# What needs to be done:
As you write out the lines from the one containing "Mario Delgado solicitará" through the last line of the records, keep them exact and leave out pictures.

++++ Exercise data

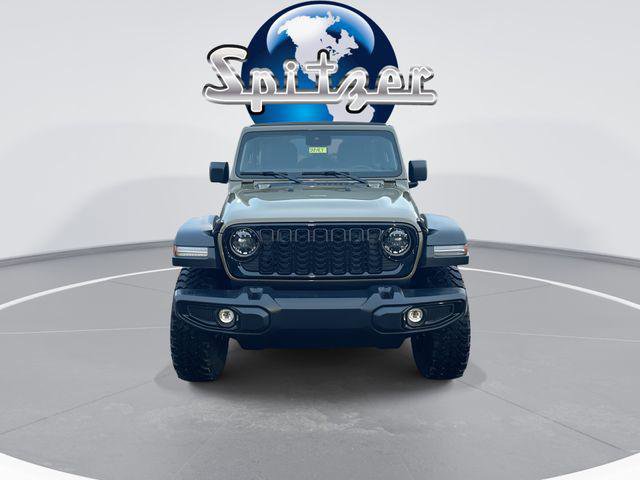 Certified 2025 Jeep Wrangler Willys image 3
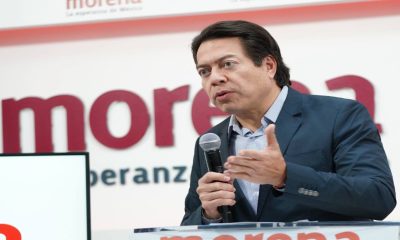 Mario Delgado solicitará al INE quitar el registro al PAN por ser “una organización criminal más que política”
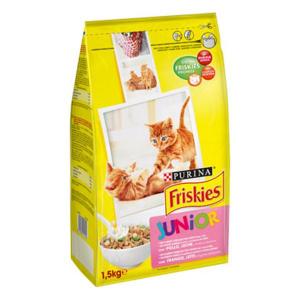 FRISKIES Junior Cat up to 1 Year 1,5kg - Purina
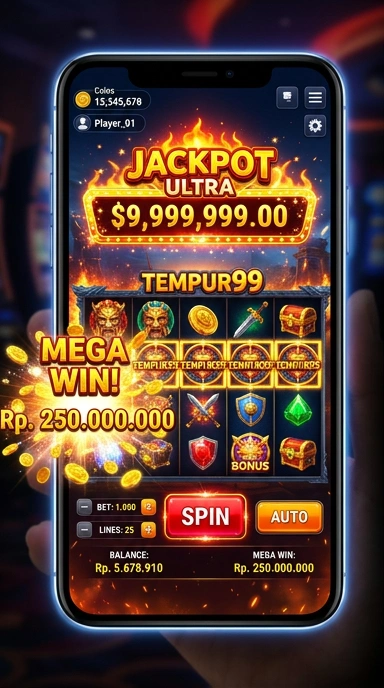 Proses pengunduhan aplikasi yang mudah di tempur99.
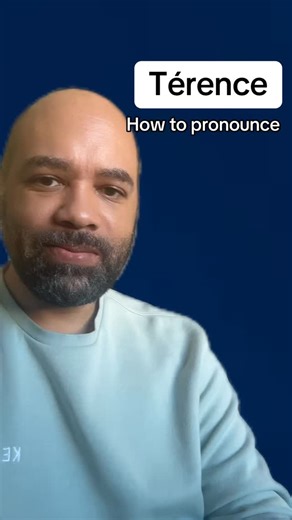 #Frenchnames #Creolenames #Greeknames #Térence #Terrance #KouriVini #français #Creole #fyp | Christophe Landry, Ph.D.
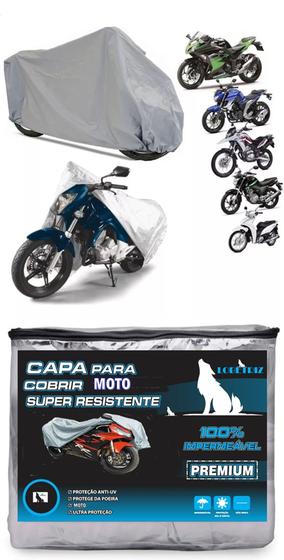 Imagem de Capa Para Moto Honda 100% Impermeável Todos Modelos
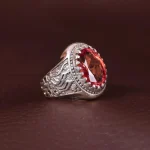 انگشتر الکساندریت مردانه کد 2525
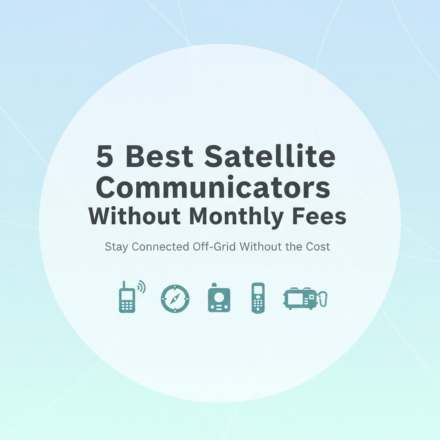 Best Satellite Communicators for Backpacking Without Monthly Fees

++++++++

# Written response:
 Mario Delgado solicitará al INE quitar el registro al PAN por ser “una organización criminal más que política”
 FRISKIES Junior Cat up to 1 Year 1,5kg - Purina
 Proses pengunduhan aplikasi yang mudah di tempur99.
 #Frenchnames #Creolenames #Greeknames #Térence #Terrance #KouriVini #français #Creole #fyp | Christophe Landry, Ph.D.
 Imagem de Capa Para Moto Honda 100% Impermeável Todos Modelos
 انگشتر الکساندریت مردانه کد 2525
 Best Satellite Communicators for Backpacking Without Monthly Fees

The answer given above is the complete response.